::: Extracted information

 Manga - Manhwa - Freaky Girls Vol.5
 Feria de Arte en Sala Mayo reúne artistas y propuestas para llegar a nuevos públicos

::::::
::: Extracted information

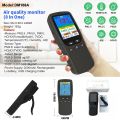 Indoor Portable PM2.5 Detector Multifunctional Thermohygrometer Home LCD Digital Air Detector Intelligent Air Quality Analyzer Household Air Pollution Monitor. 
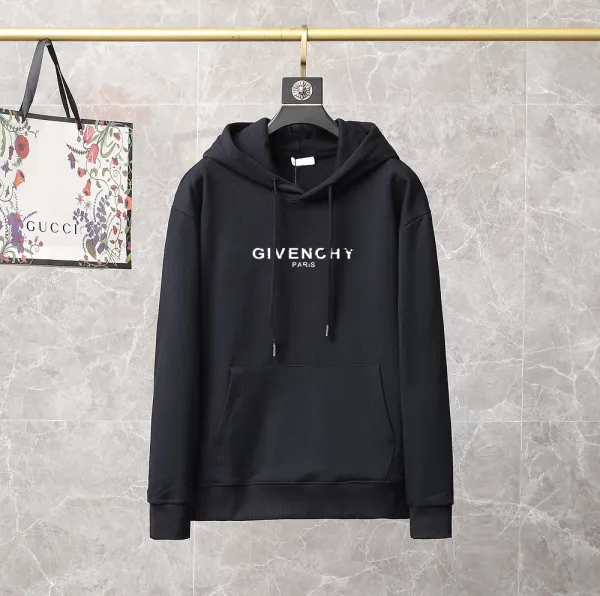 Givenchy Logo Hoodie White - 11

::::::

Transcribe, exactly and without pictures, everything in the data from the line with "Indoor Portable PM2.5" down to the line with "Givenchy Logo Hoodie White - 11", both included.

- Exercise result -
 Indoor Portable PM2.5 Detector Multifunctional Thermohygrometer Home LCD Digital Air Detector Intelligent Air Quality Analyzer Household Air Pollution Monitor. 
 Givenchy Logo Hoodie White - 11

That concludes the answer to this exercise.